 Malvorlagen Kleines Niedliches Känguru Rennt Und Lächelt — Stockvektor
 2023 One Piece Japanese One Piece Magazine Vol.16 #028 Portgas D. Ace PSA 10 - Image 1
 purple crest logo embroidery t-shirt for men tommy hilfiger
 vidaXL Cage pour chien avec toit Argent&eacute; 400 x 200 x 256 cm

---

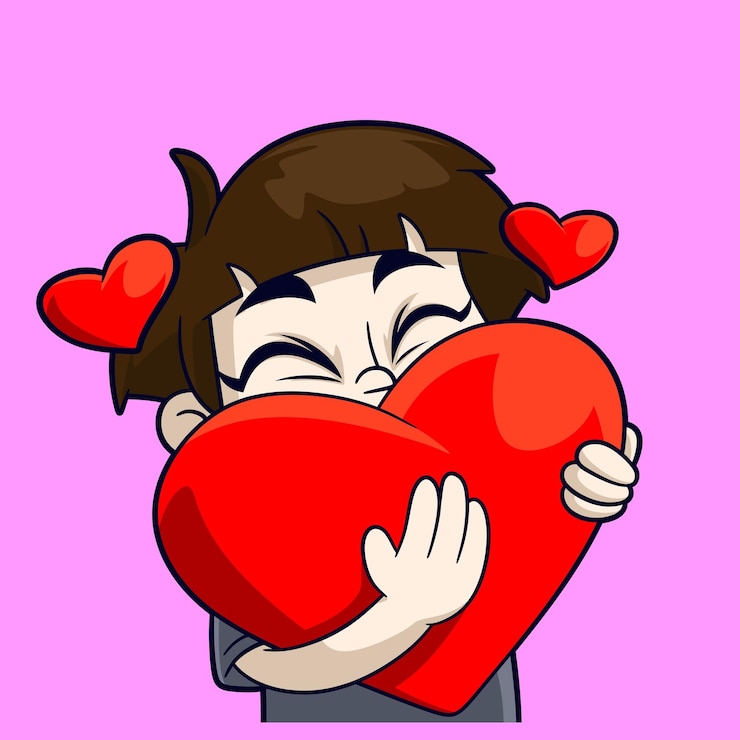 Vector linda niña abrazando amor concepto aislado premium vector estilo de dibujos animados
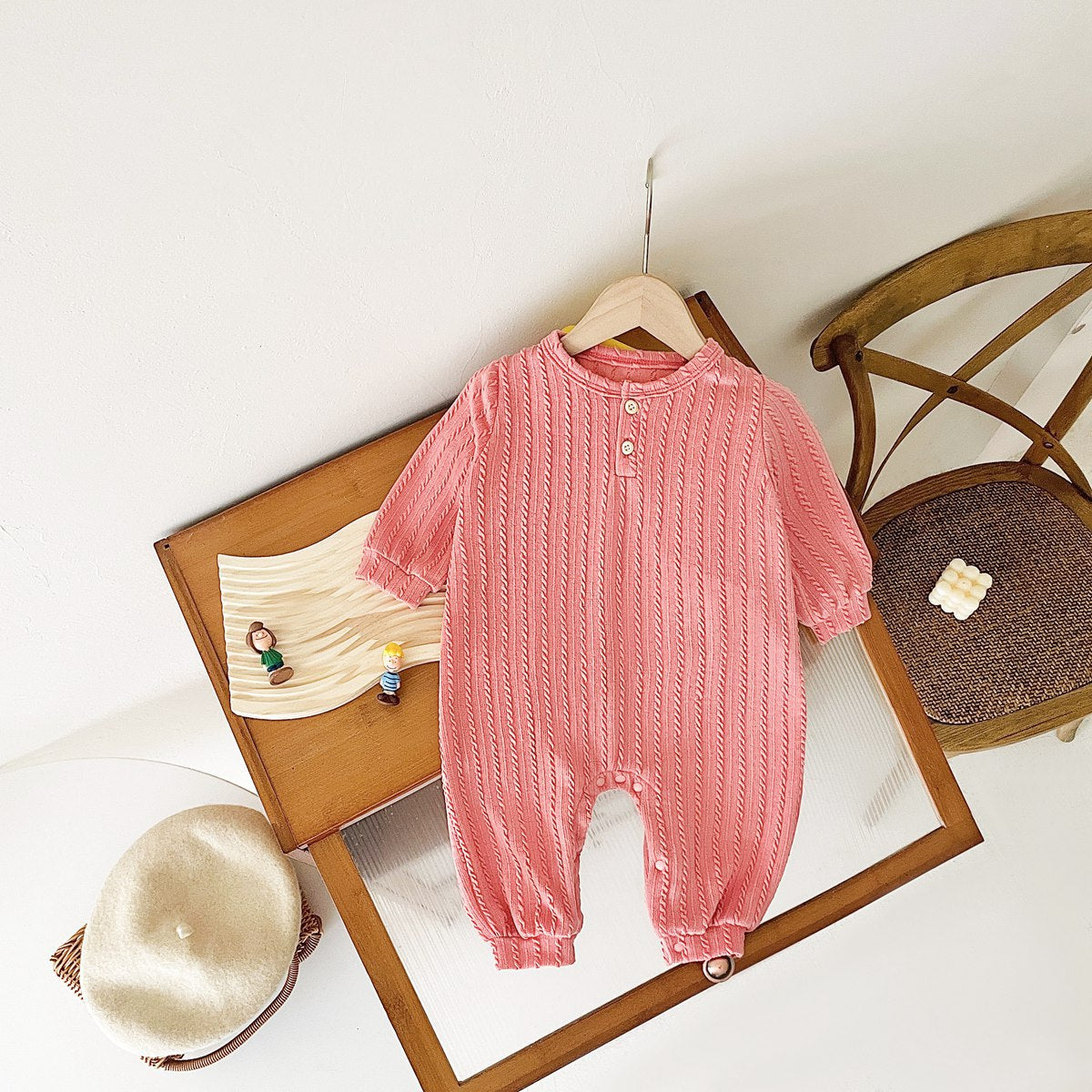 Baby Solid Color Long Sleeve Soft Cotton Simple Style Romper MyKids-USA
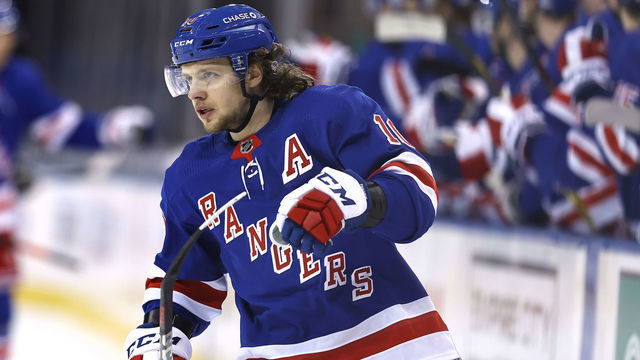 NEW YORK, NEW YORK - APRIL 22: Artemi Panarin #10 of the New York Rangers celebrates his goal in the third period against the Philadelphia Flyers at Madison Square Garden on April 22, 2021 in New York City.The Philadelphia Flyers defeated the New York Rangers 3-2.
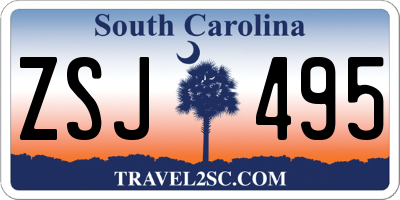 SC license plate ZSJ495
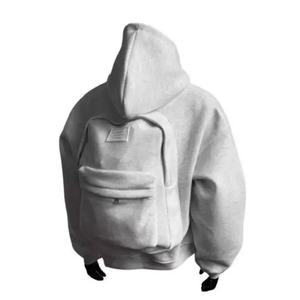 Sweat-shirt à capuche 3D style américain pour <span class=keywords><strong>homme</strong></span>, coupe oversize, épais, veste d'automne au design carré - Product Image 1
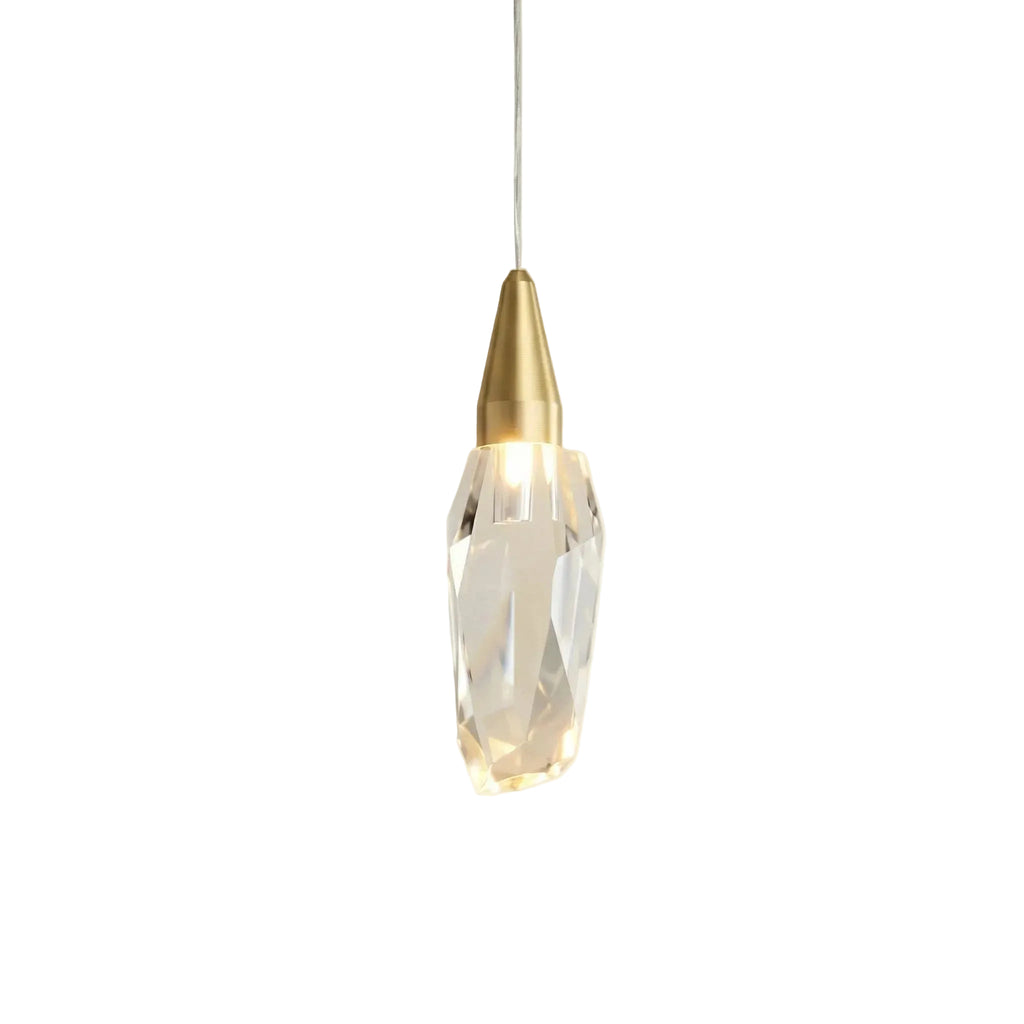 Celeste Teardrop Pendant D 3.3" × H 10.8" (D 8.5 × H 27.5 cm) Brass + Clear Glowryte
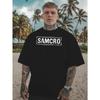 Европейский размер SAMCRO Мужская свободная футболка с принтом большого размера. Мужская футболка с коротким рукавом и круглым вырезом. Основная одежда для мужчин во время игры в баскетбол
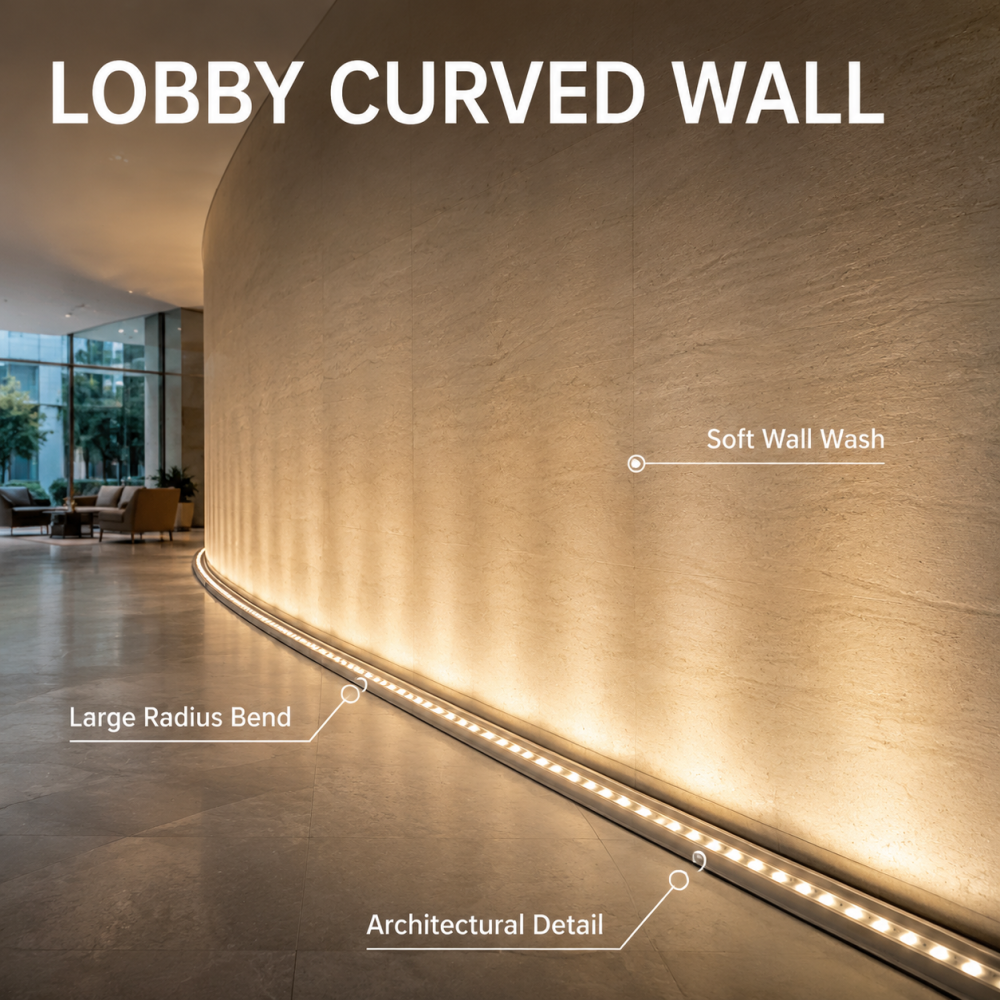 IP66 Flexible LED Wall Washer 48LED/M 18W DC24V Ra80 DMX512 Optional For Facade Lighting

- Task brief
The stretch to restate runs from the line above containing "Sweat-shirt à capuche" through the line containing "IP66 Flexible LED". Copy it word for word, ends included, without pictures.

- Exercise output
 Sweat-shirt à capuche 3D style américain pour <span class=keywords><strong>homme</strong></span>, coupe oversize, épais, veste d'automne au design carré - Product Image 1
 Celeste Teardrop Pendant D 3.3" × H 10.8" (D 8.5 × H 27.5 cm) Brass + Clear Glowryte
 Европейский размер SAMCRO Мужская свободная футболка с принтом большого размера. Мужская футболка с коротким рукавом и круглым вырезом. Основная одежда для мужчин во время игры в баскетбол
 IP66 Flexible LED Wall Washer 48LED/M 18W DC24V Ra80 DMX512 Optional For Facade Lighting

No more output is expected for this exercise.